L’Adem a aussi à charge d’« activer » les personnes qui touchent le nouveau Revis, ancien RMG. Est-ce que vous en avez tiré un premier bilan ?
La réforme du Revis fut la raison de l’augmentation du taux de chômage à un certain moment : l’Adem a dû évaluer les compétences des bénéficiaires du « revenu d’inclusion sociale » afin de définir s’ils pouvaient réintégrer le marché du travail ou pas. Mais cette situation est en train de se normaliser. Ce qui m’inquiète beaucoup plus en tant que ministre de tutelle de l’Adem, c’est la directive européenne qui nous demanderait de suivre les travailleurs frontaliers perdant leur emploi au Luxembourg. Je ne parle pas d’argent, nous indemnisons déjà maintenant les chômeurs frontaliers après une perte d’emploi au grand-duché, en virant cet argent aux agences d’emploi à l’étranger. Je parle surtout de moyens humains pour les encadrer, que nous n’avons pas. Depuis que je suis ministre du Travail (en décembre 2018, ndlr.), nous avons déjà engagé 80 personnes supplémentaires à l’Adem. Chaque employeur récurrent a désormais sa personne de contact fixe, et j’aimerais arriver à ce que chaque demandeur d’emploi ait aussi son agent de référence, qui le suive tout au long de son parcours. Bruxelles devrait comprendre la spécificité du marché du travail luxembourgeois et sa grande ouverture, avant d’imposer une telle prise en charge de tous les travailleurs frontaliers.
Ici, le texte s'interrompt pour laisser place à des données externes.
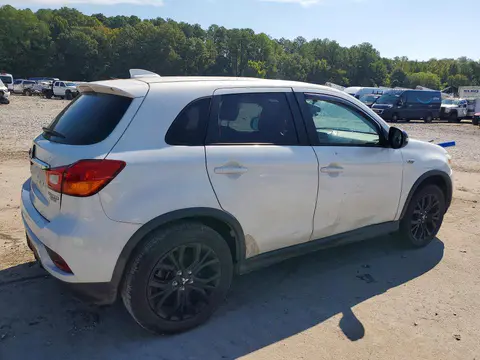 2019 MITSUBISHI OUTLANDER SPORT VIN JA4AP3AU7KU025292 фото 3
Le Luxembourg n’est pas hermétique aux questions de traite d’êtres humains non-plus : il y a eu des cas très médiatisés d’esclavagisme dans le secteur de la restauration et de l’hôtellerie récemment. Que fait l’État pour y remédier ? L’Inspection du travail et des mines (ITM), chargée de la surveillance du marché du travail, n’est-elle qu’un tigre de papier ?
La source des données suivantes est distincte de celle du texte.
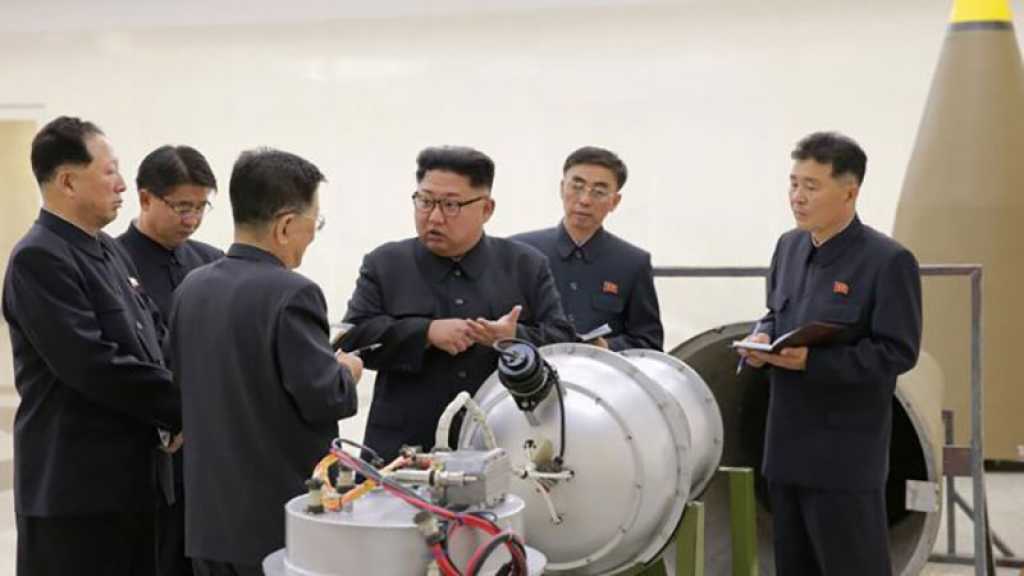 La Corée du Nord teste un «dispositif de détonation nucléaire», selon Séoul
Dès que j’ai eu connaissance de ces dossiers, j’ai confirmé mon instruction à l’ITM de faire les contrôles sur place et de saisir la police et le Parquet dès le moindre soupçon de traite d’êtres humains. Ils ont fait le nécessaire. Le patron encourt une amende administrative. Mais je veux souligner aussi que l’ITM recrute massivement sous ma responsabilité. Nos étions très loin de toutes les normes européennes en vigueur en ce qui concerne les organes de contrôle : normalement, il faudrait un inspecteur sur 10 000 emplois. Nous en sommes actuellement à 29, dont huit ont prêté serment en 2019. Selon notre marché de travail, nous devrions en compter au moins 42, et je me suis donné comme objectif d’atteindre une équipe de soixante inspecteurs. Tous passent par une formation avec la Justice et la police, qui leur apprend à détecter le moindre symptôme indiquant qu’il y a traite humaine. Mais il est vrai que nous n’avons pas de statistiques des contrôles que nous effectuons et des conséquences de ces contrôles.